Financial Disclosure:The authors and participants in this conference have no significant financial interest or other relationship with the manufacturers of any products or providers of any service mentioned in this article.

References:

1. Shimada H, Ambros IM, Dehner LP, et al: Terminology and morphologic criteria of neuroblastic tumors: Recommendations by the International Neuroblastoma Pathology Committee. Cancer 86:349-363, 1999.

2. Shimada H, Ambros IM, Dehner LP, et al: The International Neuroblastoma Pathology Classification (the Shimada system). Cancer 86:364-372, 1999.
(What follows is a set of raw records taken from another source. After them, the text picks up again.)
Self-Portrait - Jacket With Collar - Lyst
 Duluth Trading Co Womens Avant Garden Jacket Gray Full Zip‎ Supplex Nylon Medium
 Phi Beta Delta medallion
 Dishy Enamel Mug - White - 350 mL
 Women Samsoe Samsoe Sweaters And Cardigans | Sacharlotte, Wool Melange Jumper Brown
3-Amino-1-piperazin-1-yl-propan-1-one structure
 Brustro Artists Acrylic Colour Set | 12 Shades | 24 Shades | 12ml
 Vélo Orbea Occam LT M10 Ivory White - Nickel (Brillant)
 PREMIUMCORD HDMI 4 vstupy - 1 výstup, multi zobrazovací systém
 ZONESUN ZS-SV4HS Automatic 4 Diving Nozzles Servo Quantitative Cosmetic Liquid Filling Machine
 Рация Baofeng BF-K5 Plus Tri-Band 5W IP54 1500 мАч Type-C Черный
3. Brodeur GM, Seeger RC, Barrett A, et al: International criteria for diagnosis, staging, and response to treatment in patients with neuroblastoma. J Clin Oncol 6:1874-1881, 1988.

4. Adkins ES, Sawin R, Gerbing RB, et al: Efficacy of complete resection for high-risk neuroblastoma: A Children's Cancer Group study. J Pediatr Surg 39:931-936, 2004.

5. Michalowski MB, Rubie H, Michon J, et al: [Neonatal localized neuroblastoma: 52 cases treated from 1990 to 1999]. Arch Pediatr 11:782-788, 2004.

6. Entz-Werle N, Marcellin L, Becmeur F, et al: The urinary bladder: An extremely rare location of pediatric neuroblastoma. J Pediatr Surg 38:E10-12, 2003.

7. Pinter A: Bladder outlet obstruction in the neonate. Acta Paediatr Hung 25:355-362, 1984.